A classical theorem of Hajnal and Szemerédi states that a graph with hk vertices and minimum degree at least (h-1)k contains k vertex disjoint copies of the complete graph with h vertices. Its proof, however, does not yield an efficient algorithm for finding them. By using an incremental approach, an algorithm for finding k-(h-1)^{2} such copies in time O((h+5)!k^{2}) is presented. A conjecture that can be considered a variant of the aforementioned theorem is also suggested along with some evidence to its validity, as well as a conjecture regarding cycles in graphs, that is somewhat related to the El-Zahar Conjecture.

Note: the conjectures in their exact form are now known not to hold. A thorough treatment of what holds is found in: P. Keevash and R. Mycroft, **A multipartite Hajnal-Szemerédi theorem**, J. of Combinatorial Theory Ser. B 114, 187–236 (2015).

**[Disc99]** E. Fischer, **Cycle factors in dense graphs**, * Discrete Mathematics* 197/198 (1999), 309–323.

A conjecture of El-Zahar states that if n_{1},…,n_{l} are integers whose sum is n, with k of them being odd, and G is a graph with n vertices and minimum degree (n+k)/2, then G contains vertex disjoint cycles of sizes n_{1},…,n_{l} respectively. Results regarding the upper bounds on the minimum degree of G that ensures it contains the required cycles are presented for some special cases (mostly cases where n_{1},…,n_{l} are bounded and n is large). These are proved using the Regularity Lemma of Szemerédi, combined with a result proved by an incremental approach, and additional arguments.
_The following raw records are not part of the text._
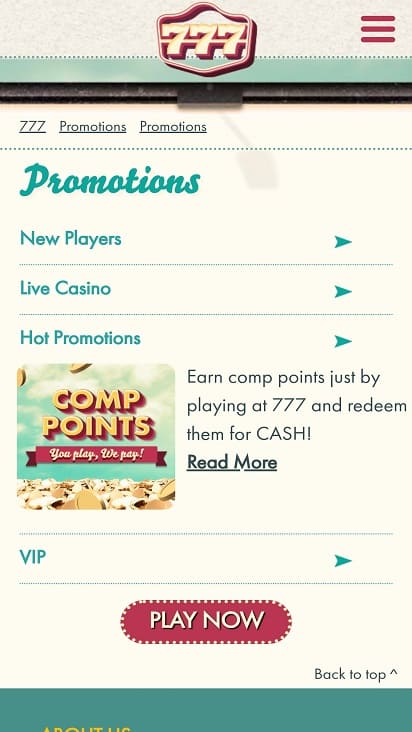 777 Casino Promotions Page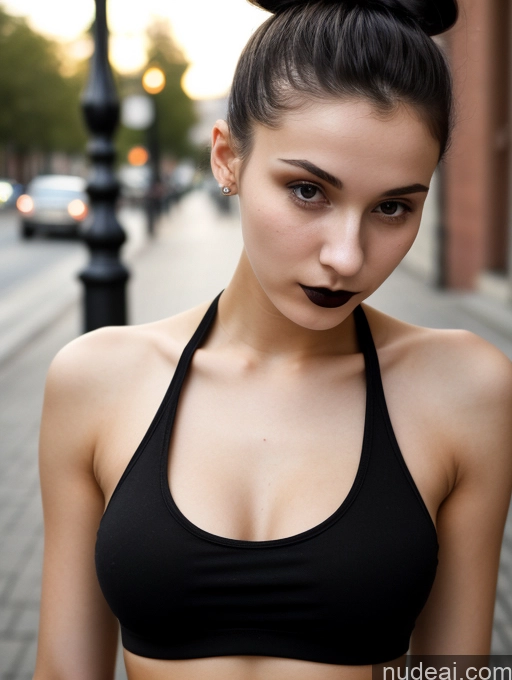 related ai porn images free for Small Tits Beautiful Skinny 18 Black Hair Russian Street Close-up View Goth Tank Top Hair Bun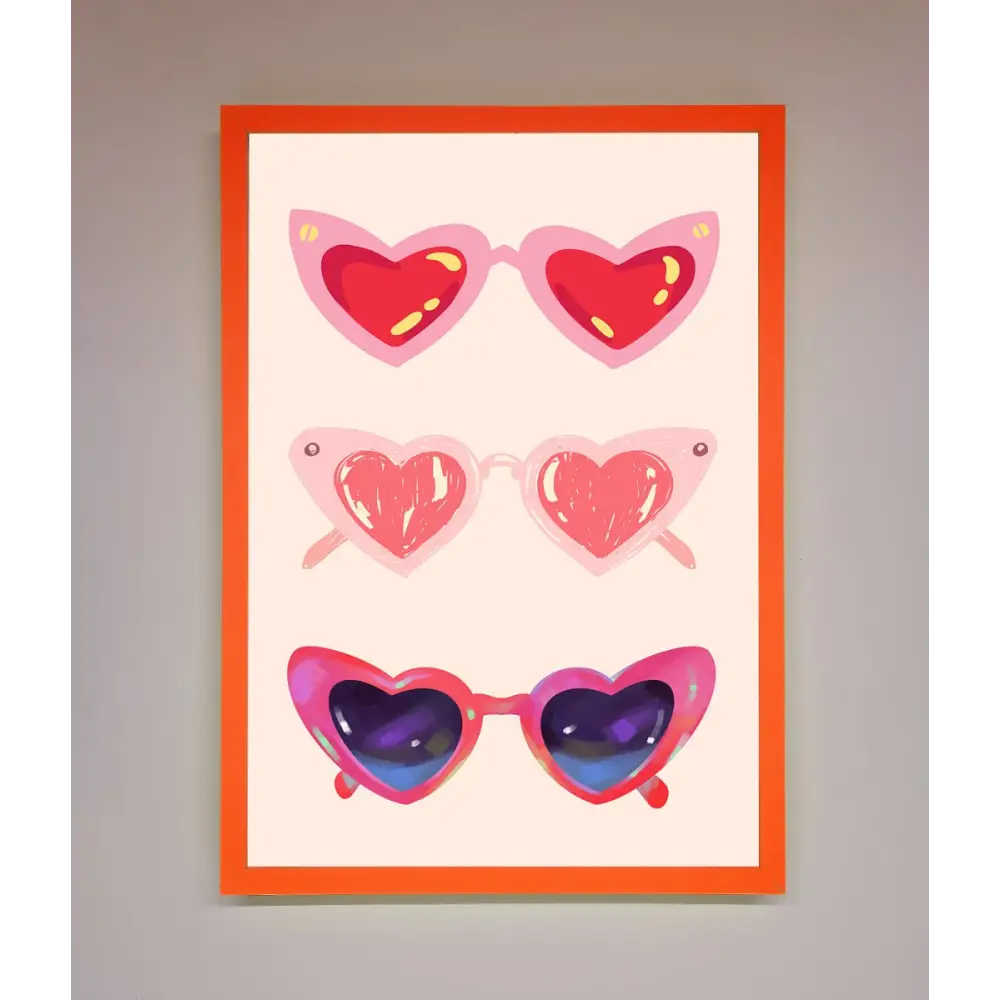 Heart Sunglasses Framed Poster - A3 (29.7 x 42 cm) / Neon Orange - Framed Print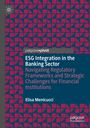Titel: ESG Integration in the Banking Sector. Autor: Elisa Menicucci. Buntes geometrisches Muster im Hintergrund.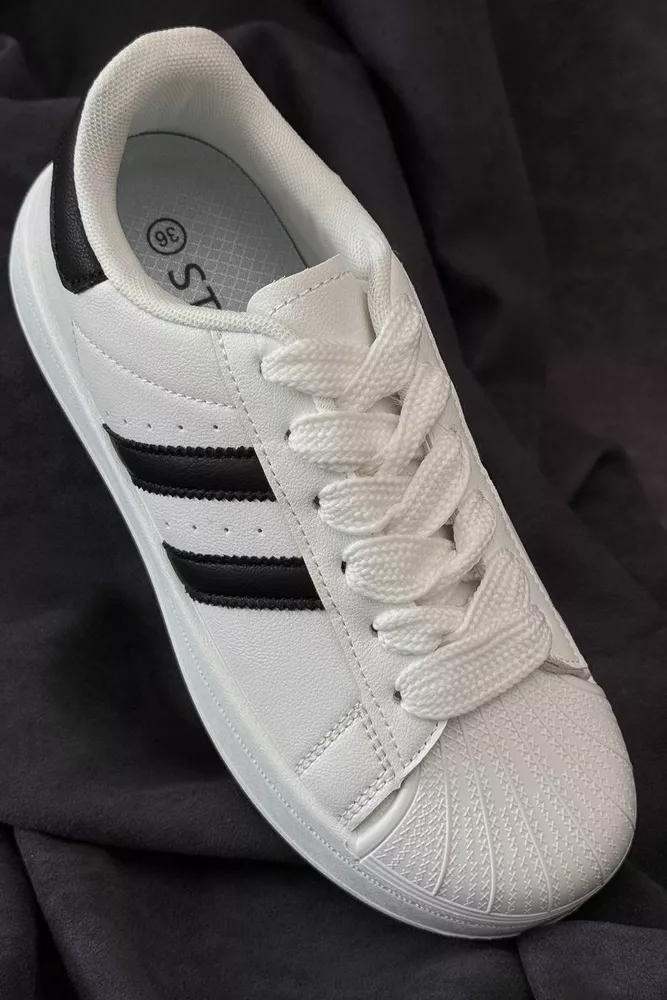 Купити Кросівки жіночі демісезонні  уцінка, колір біло-чорний, 248RBK10-U-4 - Фото №2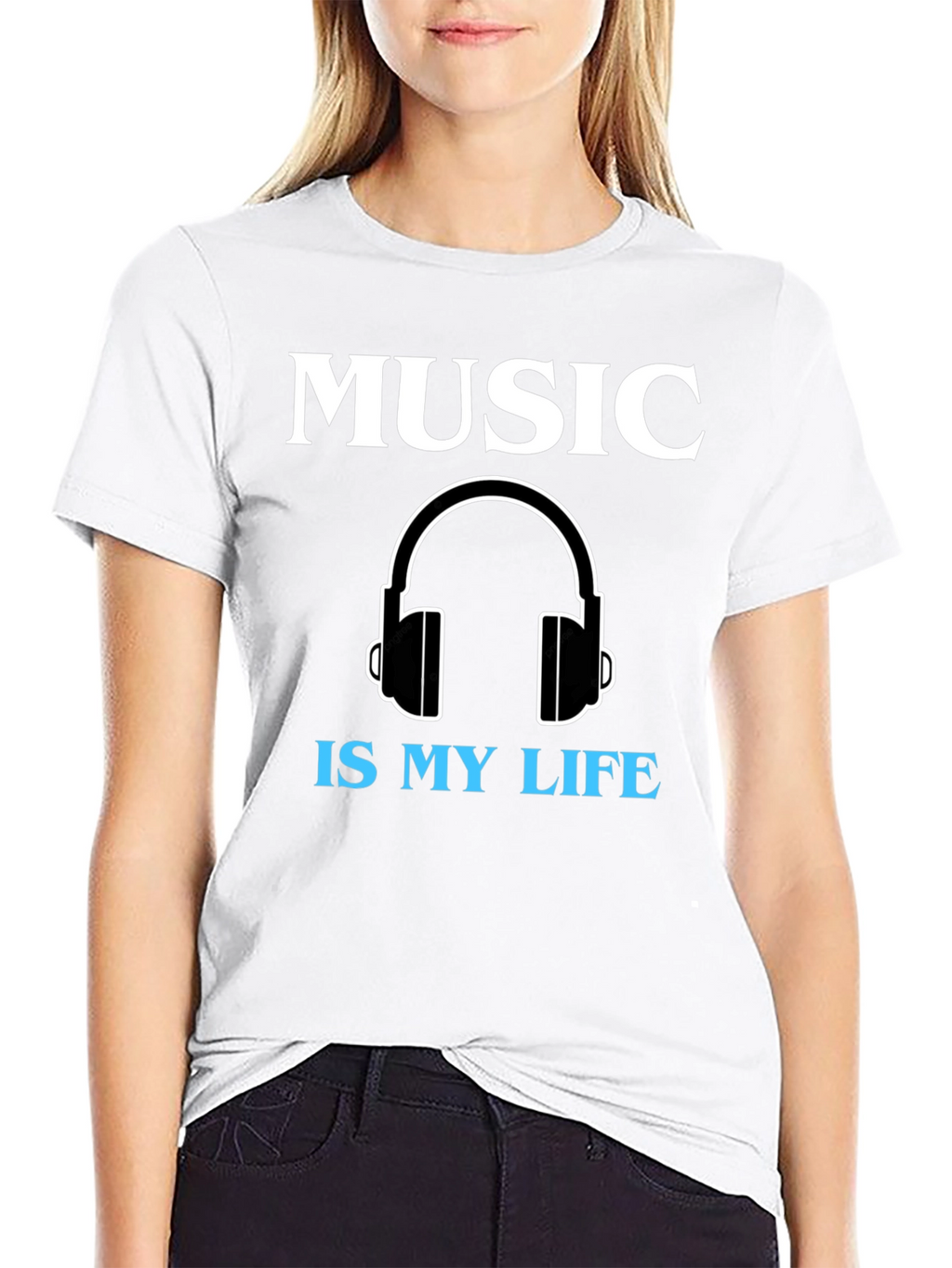 Music is My Life Graphic Tee - Black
Later, strong results regarding the El-Zahar Conjecture were proved by Sarmad Abbasi.

**[EJComb99]** E. Fischer, **Induced complete h-partite graphs in dense clique-less graphs**, * The Electronic Journal of Combinatorics* 6 (1999), R43.

This short paper shows, for every fixed h, a and b, that a graph with n vertices and minimum degree at least (h-1)n/h, which does not contain a copy of the complete graph with b vertices, contains (1-o(1))n/ah vertex disjoint induced copies of the complete h-partite graph with a vertices in each color class. The proof of this result, from the aforementioned result of Alon and Yuster dealing with not necessarily induced graphs, is quite simple, but the formulation of the result itself and its connection to other results in this area may be of interest.

**[Comb00]** N. Alon, E. Fischer, M. Krivelevich and M. Szegedy, **Efficient testing of large graphs**, * Combinatorica* 20 (2000), 451–476 (a preliminary version appeared as [FOCS99]).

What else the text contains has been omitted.